*Exercise brief*
Nothing but the lines from the one containing "Thumbnail 3 in" through the end of the data below should appear in the answer, each exact and free of pictures.

*Recorded data*
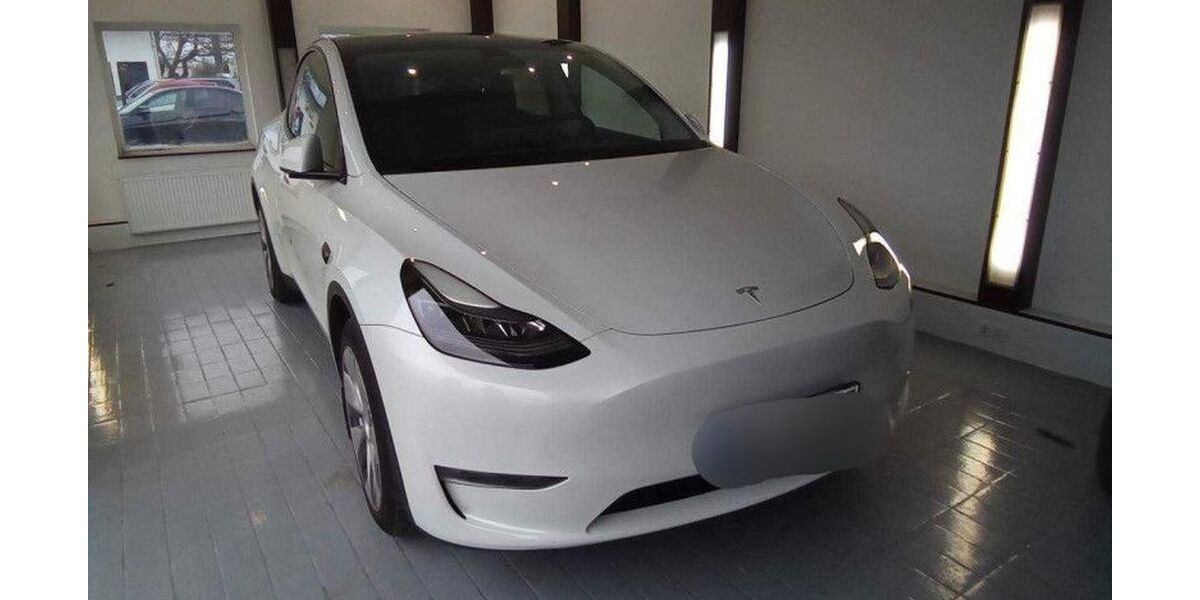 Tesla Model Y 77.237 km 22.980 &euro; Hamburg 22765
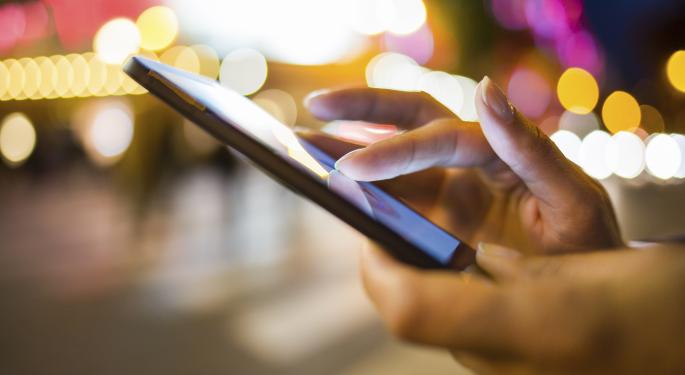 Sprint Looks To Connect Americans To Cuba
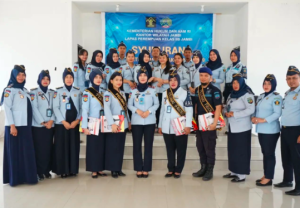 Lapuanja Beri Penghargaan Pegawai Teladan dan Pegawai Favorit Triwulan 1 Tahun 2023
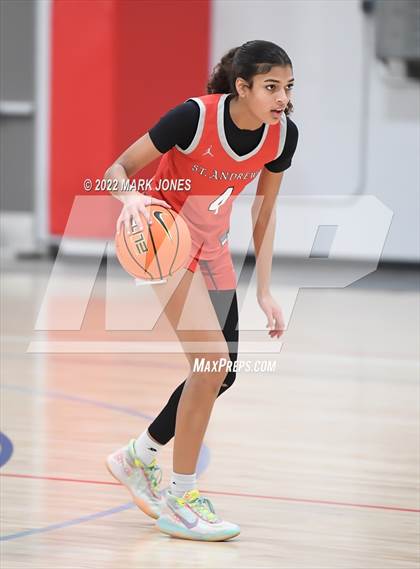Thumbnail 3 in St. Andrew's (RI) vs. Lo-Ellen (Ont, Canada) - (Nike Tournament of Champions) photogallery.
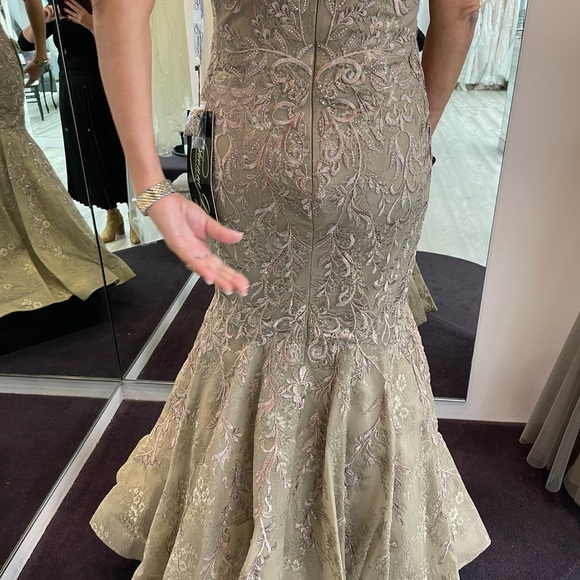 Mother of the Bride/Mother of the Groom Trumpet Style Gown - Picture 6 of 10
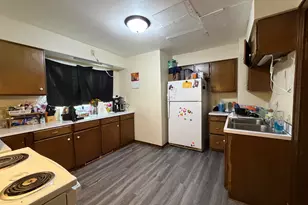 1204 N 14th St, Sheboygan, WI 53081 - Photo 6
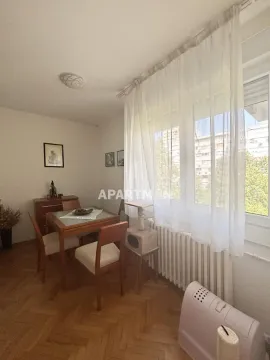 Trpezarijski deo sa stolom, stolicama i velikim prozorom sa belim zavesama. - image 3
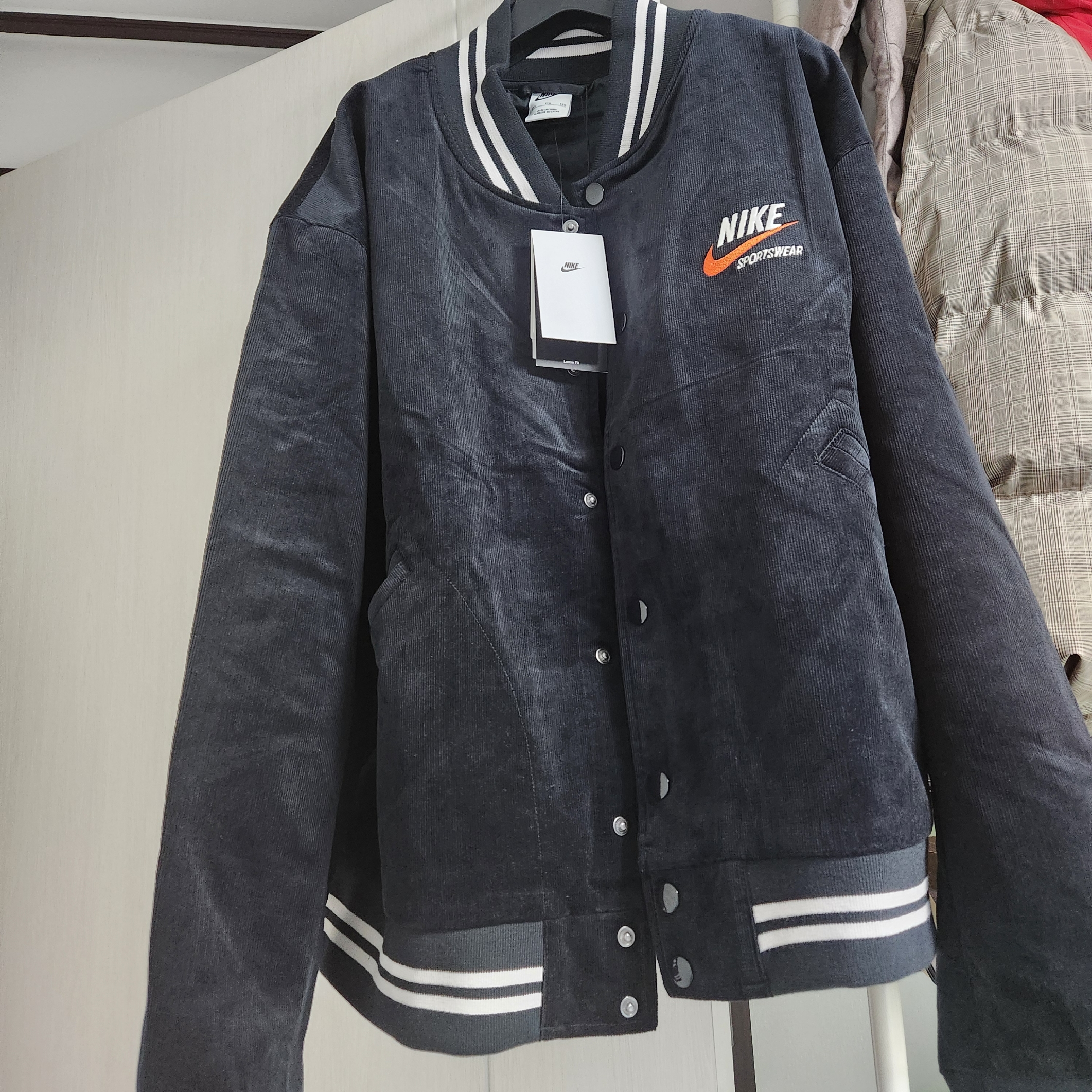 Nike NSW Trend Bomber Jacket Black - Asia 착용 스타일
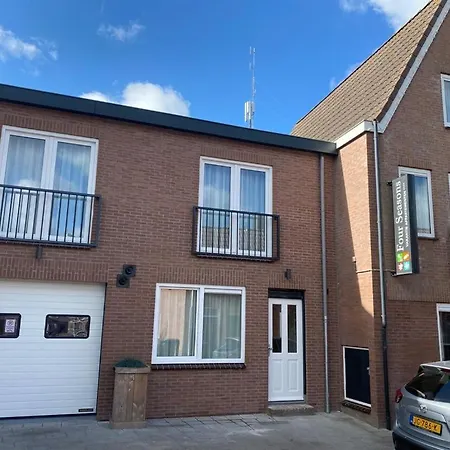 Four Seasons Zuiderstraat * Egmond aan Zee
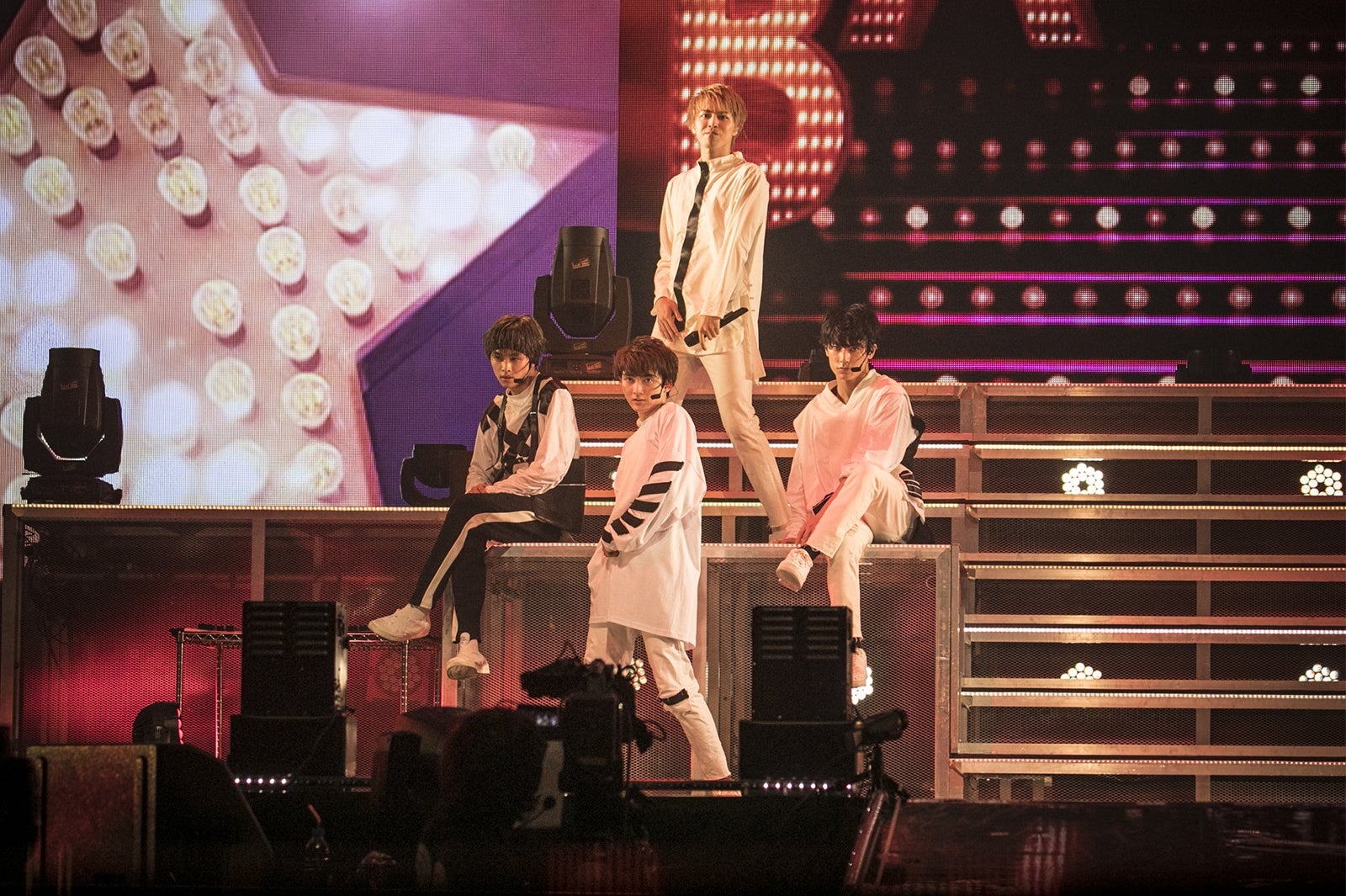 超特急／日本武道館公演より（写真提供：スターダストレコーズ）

*Written solution*
Thumbnail 3 in St. Andrew's (RI) vs. Lo-Ellen (Ont, Canada) - (Nike Tournament of Champions) photogallery.
 Mother of the Bride/Mother of the Groom Trumpet Style Gown - Picture 6 of 10
 1204 N 14th St, Sheboygan, WI 53081 - Photo 6
 Trpezarijski deo sa stolom, stolicama i velikim prozorom sa belim zavesama. - image 3
 Nike NSW Trend Bomber Jacket Black - Asia 착용 스타일
 Four Seasons Zuiderstraat * Egmond aan Zee
 超特急／日本武道館公演より（写真提供：スターダストレコーズ）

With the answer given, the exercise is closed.